In 2008, according to an authoritative report from the Congressional
Research Service (CRS), $55.2 billion in weapons deals were concluded
worldwide. Of that total, the United States was responsible for $37.8
billion in weapons sales agreements, or 68.4% of the total "trade."
Some of these agreements were long-term ones and did not result in 2008
deliveries of weapons systems, but these latest figures are a good
gauge of the global appetite for weapons. It doesn't take a PhD in
economics to recognize that, when one nation accounts for nearly 70% of
weapons sales, the term "global arms trade" doesn't quite cut it.
Consider the "competition" and reality comes into focus. Take a
guess on which country is the number two weapons exporter on the
planet: China? Russia? No, Italy,
with a relatively paltry $3.7 billion in agreements with other
countries or just 9% of the U.S. market share. Russia, that former Cold
War superpower in the "trade," was close behind Italy, with only $3.5
billion in arms agreements.
U.S. weapons manufacturers have come a long way, baby, since those
Cold War days when the United States really did have a major
competitor. For instance, the Congressional Research Service's data for
1990, the last year of the Soviet Union's existence, shows global
weapons sales totaling $32.7 billion, with the United States accounting
for $12.1 billion of that or 37% of the market. For its part, the
Soviet Union was responsible for a competitive $10.7 billion in deals
inked that year. France, China, and the United Kingdom accounted for
most of the rest.
Since then, the global appetite for weapons has only grown more
voracious, while the number of purveyors has shrunk to the point where
the Pentagon could hang out a sign: "We arm the world." No kidding,
it's true.
Cambodia ($304,000), Comoros ($895,000), Colombia ($256 million),
Guinea ($200,000), Greece ($225 million), Great Britain ($1.1 billion),
the Philippines ($72.9 million), Poland ($79.8 million), and Peru
($16.4 million) all buy U.S. arms, as does almost every country not in
that list. U.S. weapons, and only U.S. weapons, are coveted by
presidents and prime ministers, generals and strongmen.

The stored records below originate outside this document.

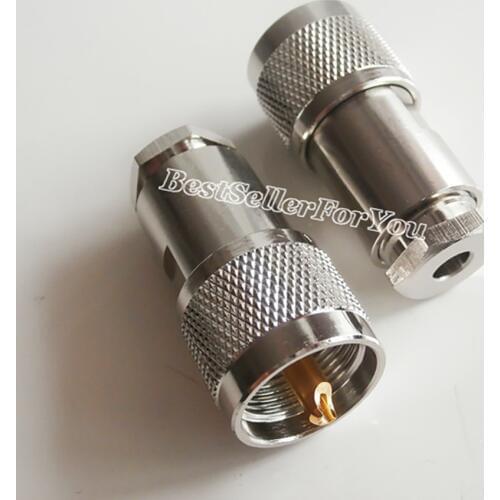 1Pcs UHF male PL-259 plug clamp RG58 RG142 LMR195 RG400 cable straight RF Connector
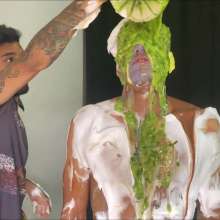 RevSlymsford: Rafa Initiates Naked Newbie Angelo With Pies, Slime Etc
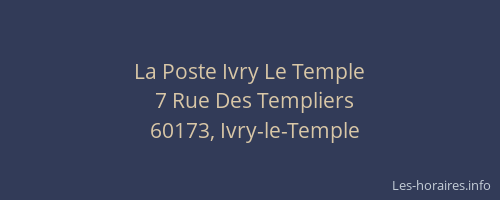 La Poste Ivry Le Temple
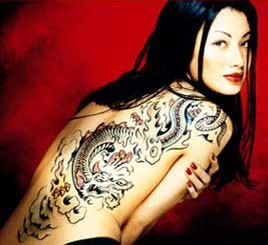 red wall and beautiful Asian dragon tattoo girl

From the Pentagon's own data
(which differs from that in the CRS report), here are the top ten
nations which made Foreign Military Sales agreements with the Pentagon,
and so with U.S. weapons makers, in 2008:
Saudi Arabia $6.06 billion
Iraq $2.50 billion
Morocco $2.41 billion
Egypt $2.31 billion
Israel $1.32 billion
Australia $1.13 billion
South Korea $1.12 billion
Great Britain $1.10 billion
India $1 billion
Japan $840 million
That's more than $17 billion in weapons right there. Some of these countries are consistently eager buyers, and some are not. Morocco,
for example, is only in that top-ten list because it was green-lighted
to buy 24 of Lockheed Martin's F-16 fighter planes at $360 million (or
so) for each aircraft, an expensive one-shot deal. On the other hand, Saudi Arabia (which inked $14.71 billion in weapons agreements between 2001 and 2008), Egypt ($13.25 billion) and Israel ($11.27 billion) are such regular customers that they should have the equivalent of one of those "buy 10, get the 11th free" punch cards doled out by your favorite coffee shop.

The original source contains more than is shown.